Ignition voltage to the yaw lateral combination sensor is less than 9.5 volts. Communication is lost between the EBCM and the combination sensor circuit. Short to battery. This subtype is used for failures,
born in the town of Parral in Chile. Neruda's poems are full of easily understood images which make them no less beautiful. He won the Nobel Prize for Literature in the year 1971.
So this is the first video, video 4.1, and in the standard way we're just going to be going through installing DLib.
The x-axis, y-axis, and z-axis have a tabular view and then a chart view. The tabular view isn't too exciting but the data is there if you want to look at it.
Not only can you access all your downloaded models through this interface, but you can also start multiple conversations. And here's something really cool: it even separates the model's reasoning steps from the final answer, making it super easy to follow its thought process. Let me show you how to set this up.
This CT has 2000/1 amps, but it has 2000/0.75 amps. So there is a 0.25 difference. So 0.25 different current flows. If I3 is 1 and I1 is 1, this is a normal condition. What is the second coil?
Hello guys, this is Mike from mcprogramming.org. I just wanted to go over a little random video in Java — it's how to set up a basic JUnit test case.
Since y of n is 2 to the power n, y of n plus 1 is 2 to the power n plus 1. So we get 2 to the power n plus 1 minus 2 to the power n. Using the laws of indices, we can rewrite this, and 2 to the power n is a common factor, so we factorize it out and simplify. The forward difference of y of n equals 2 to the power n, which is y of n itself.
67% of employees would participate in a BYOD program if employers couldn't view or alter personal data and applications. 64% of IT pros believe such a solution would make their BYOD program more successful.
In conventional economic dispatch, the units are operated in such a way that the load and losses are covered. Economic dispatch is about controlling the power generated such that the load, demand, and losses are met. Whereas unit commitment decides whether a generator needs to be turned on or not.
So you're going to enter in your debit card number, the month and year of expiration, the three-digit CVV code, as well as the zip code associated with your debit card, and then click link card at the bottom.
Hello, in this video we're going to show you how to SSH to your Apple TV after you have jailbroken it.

--------------------------------

Copy each line of the listing that carries the string "such".

67% of employees would participate in a BYOD program if employers couldn't view or alter personal data and applications. 64% of IT pros believe such a solution would make their BYOD program more successful.
In conventional economic dispatch, the units are operated in such a way that the load and losses are covered. Economic dispatch is about controlling the power generated such that the load, demand, and losses are met. Whereas unit commitment decides whether a generator needs to be turned on or not.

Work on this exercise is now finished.